> [EXERCISE BRIEF]
Within the entries below, the lines from the one with "Roewe i5, 2021 25" through the one with "2025 BYD Dolphin" are to be set down exactly, both ends kept.

> [PROVIDED ENTRIES]
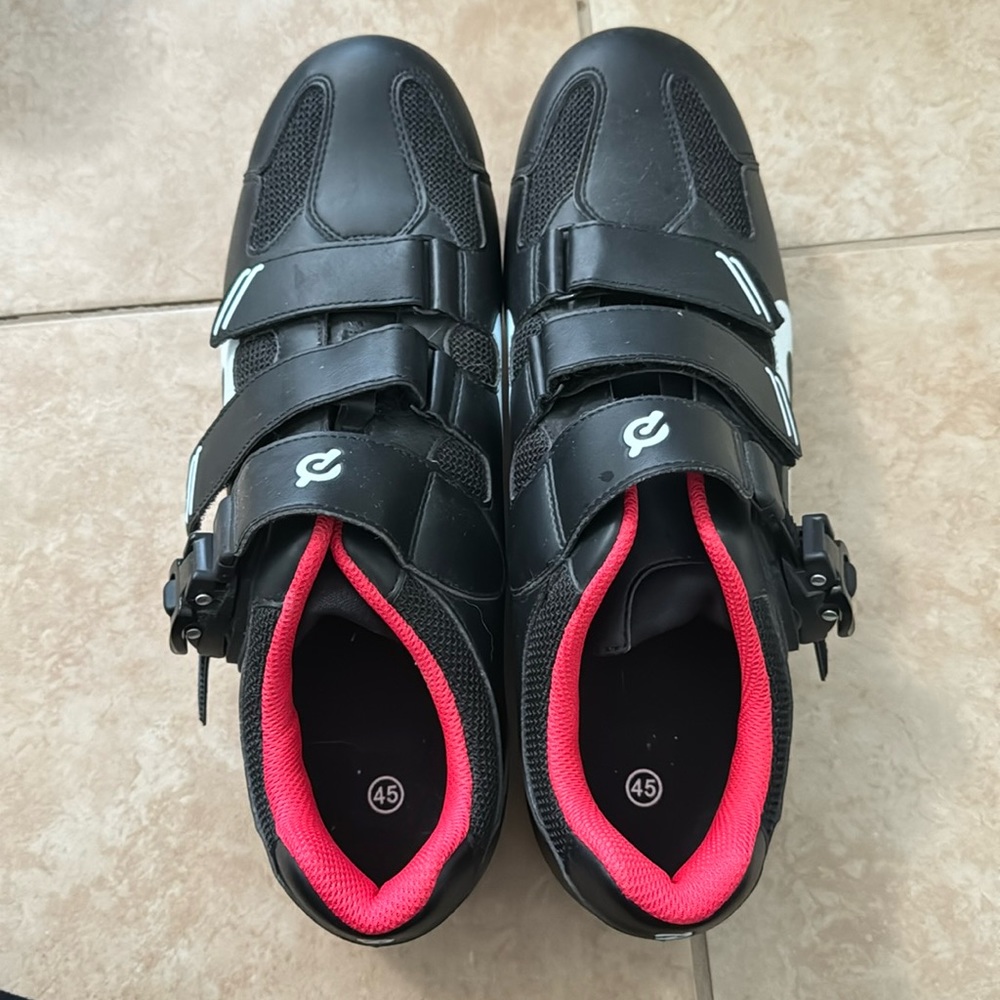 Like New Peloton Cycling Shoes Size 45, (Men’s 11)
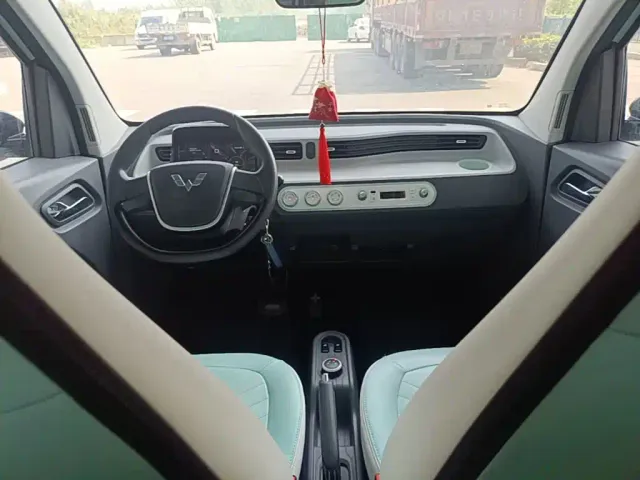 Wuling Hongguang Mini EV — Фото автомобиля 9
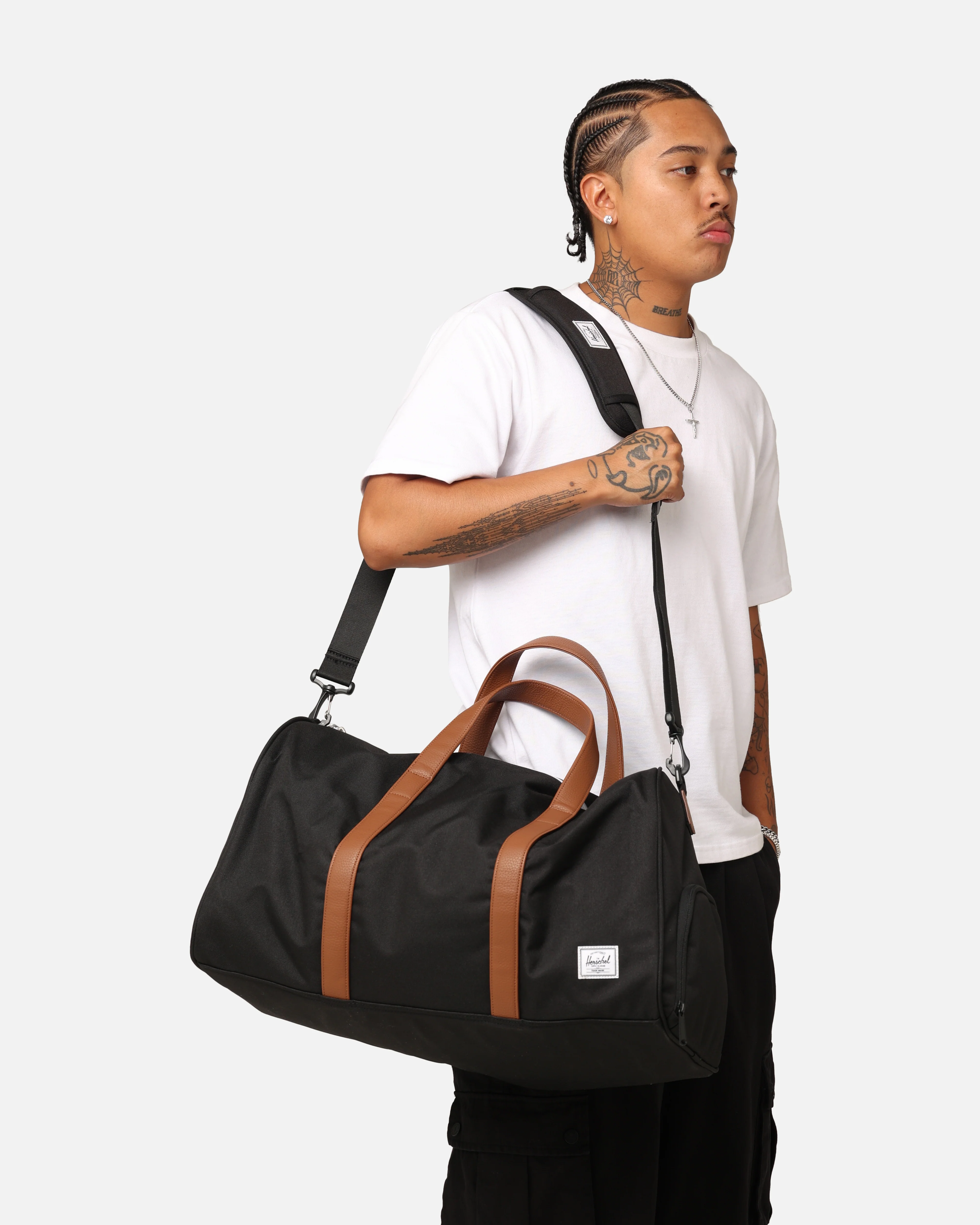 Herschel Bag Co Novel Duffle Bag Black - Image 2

---

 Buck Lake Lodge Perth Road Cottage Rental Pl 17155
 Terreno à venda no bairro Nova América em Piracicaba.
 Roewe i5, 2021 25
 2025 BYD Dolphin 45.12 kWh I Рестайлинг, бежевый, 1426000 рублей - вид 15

> [SOLUTION TO THE EXERCISE]
 Roewe i5, 2021 25
 2025 BYD Dolphin 45.12 kWh I Рестайлинг, бежевый, 1426000 рублей - вид 15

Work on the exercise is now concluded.